------ AVAILABLE RECORDS

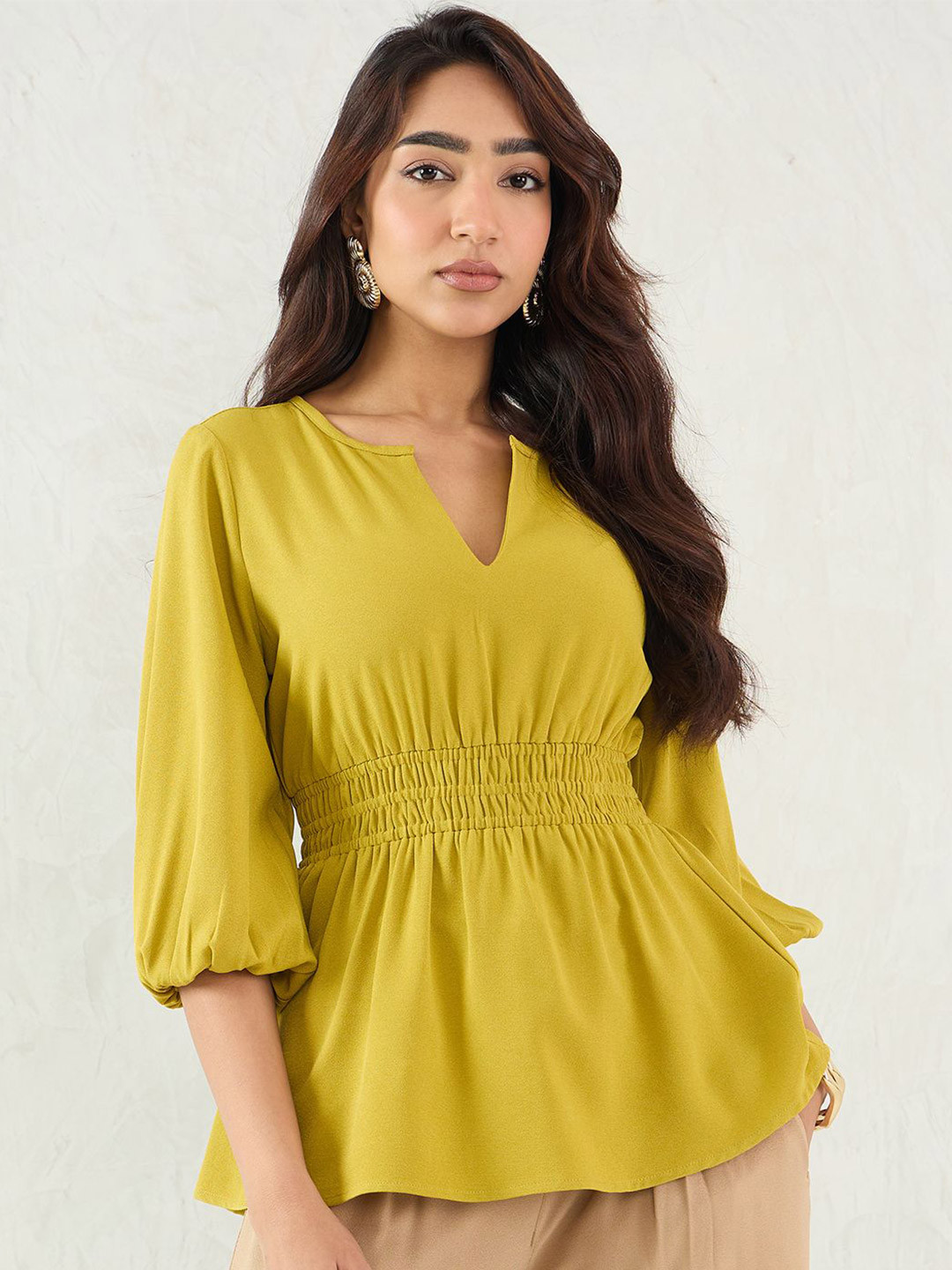 FEMMELLA Tie-Up Neck Empire Top
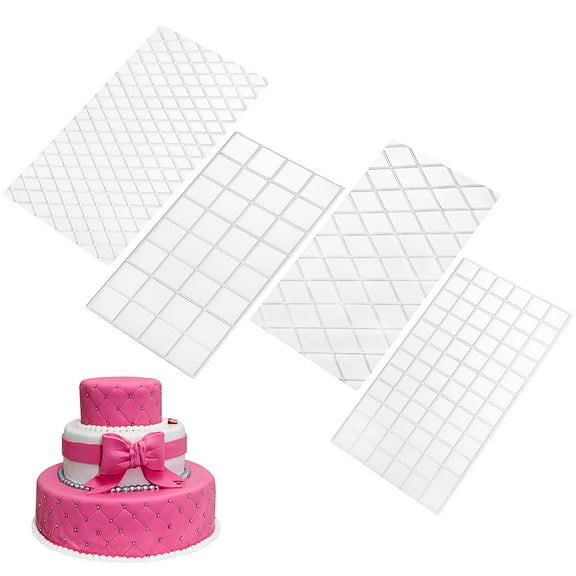 BESTYASH 4pcs Cake Baking Mold Set with Grid Fondant Lace Texture Impression Mat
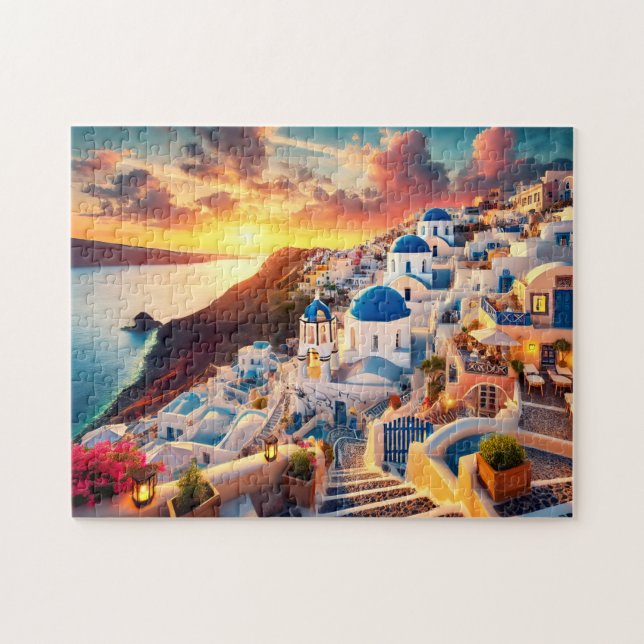 Santorini Sonnenuntergang Griechenland Mittelmeer  Puzzle (Horizontal)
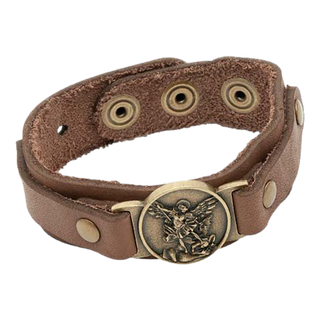 Men's Brown St. Michael Leather Bracelet
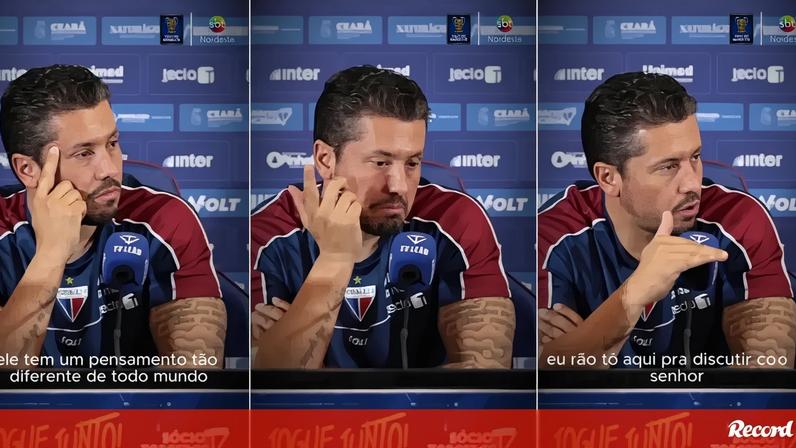 Momento 'quente' entre jornalista e o treinador do Fortaleza na conferência de imprensa
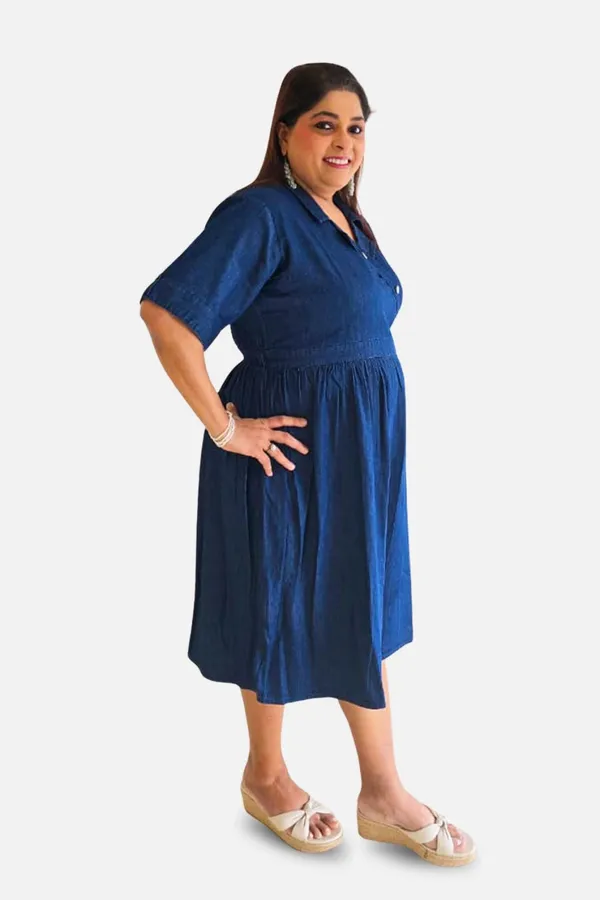 Blue_Denim_Wrap_Elbow_Sleeve_Knee_Length_Dress_For_Women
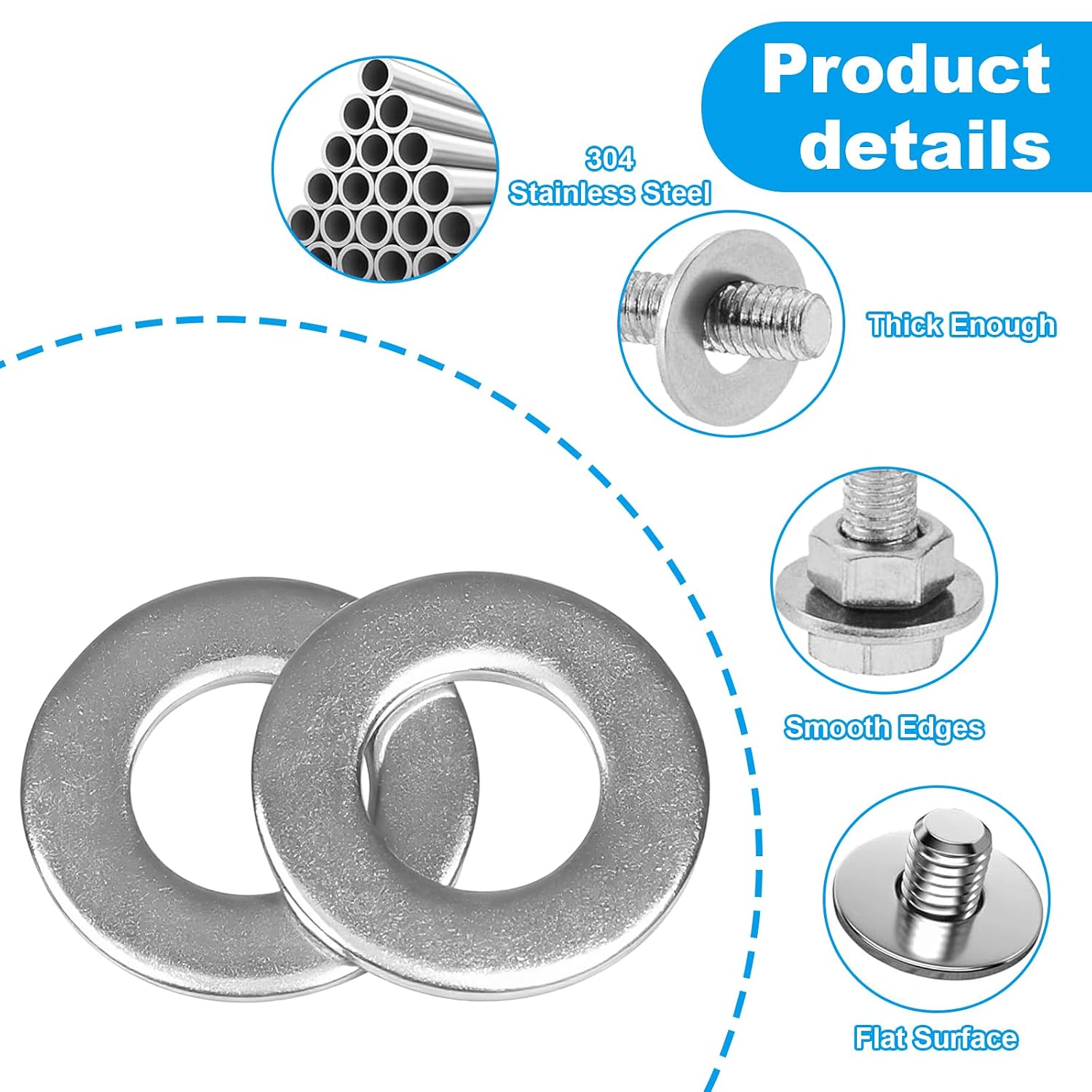 200pcs 8# Flat Washers OD 7/16'', 304 Stainless Steel Washers
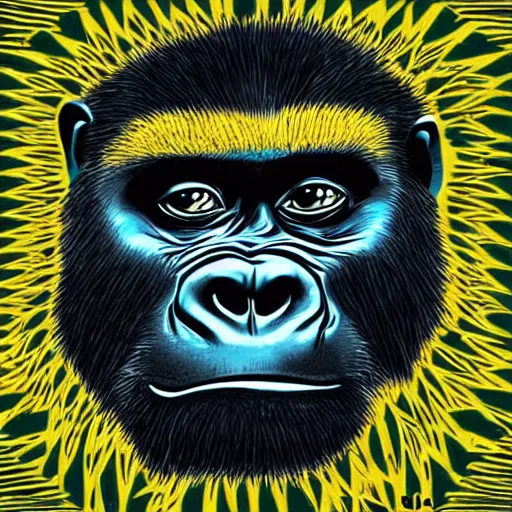 Image similar to gorilla in the style of can's ege bamyasi album cover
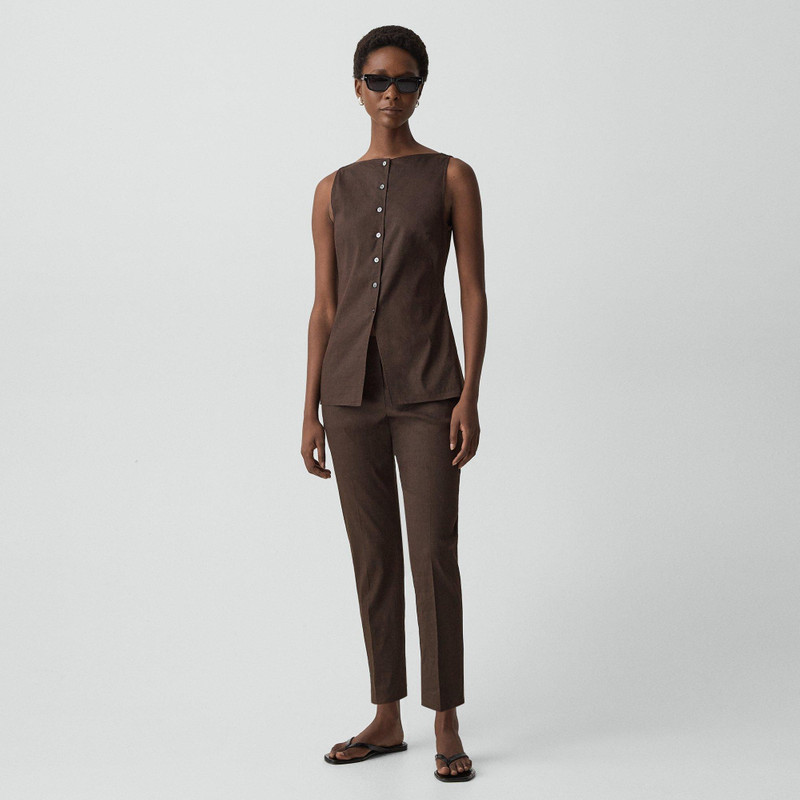 Theory Boatneck Cutaway Top in Good Linen outlook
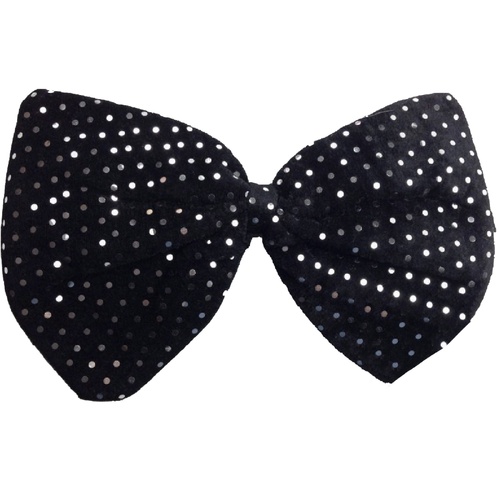 LARGE BOW TIE Sequin Polka Dots Bowtie Big King Size Party  Costume - Black (with silver polka dots) - Main Image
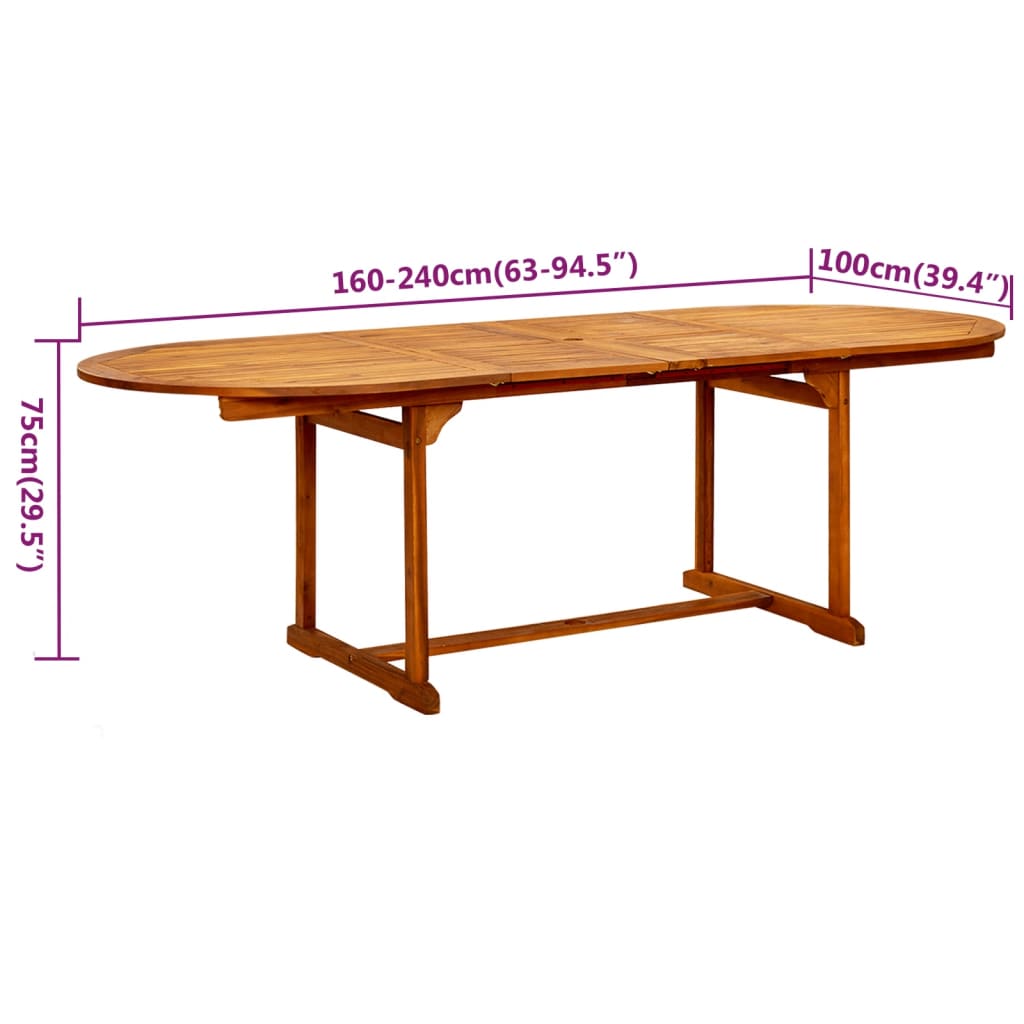 Set Mobili da Pranzo per Giardino 9 pz Legno Massello di Acacia 160-240 cm | homemem39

------------

-- TASK ITEM --
Extract exactly the lines above from the line containing "Theory Boatneck Cutaway" through the last one, both ends included, but not the pictures.

-- ANSWER AREA --
 Theory Boatneck Cutaway Top in Good Linen outlook
 LARGE BOW TIE Sequin Polka Dots Bowtie Big King Size Party  Costume - Black (with silver polka dots) - Main Image
 Set Mobili da Pranzo per Giardino 9 pz Legno Massello di Acacia 160-240 cm | homemem39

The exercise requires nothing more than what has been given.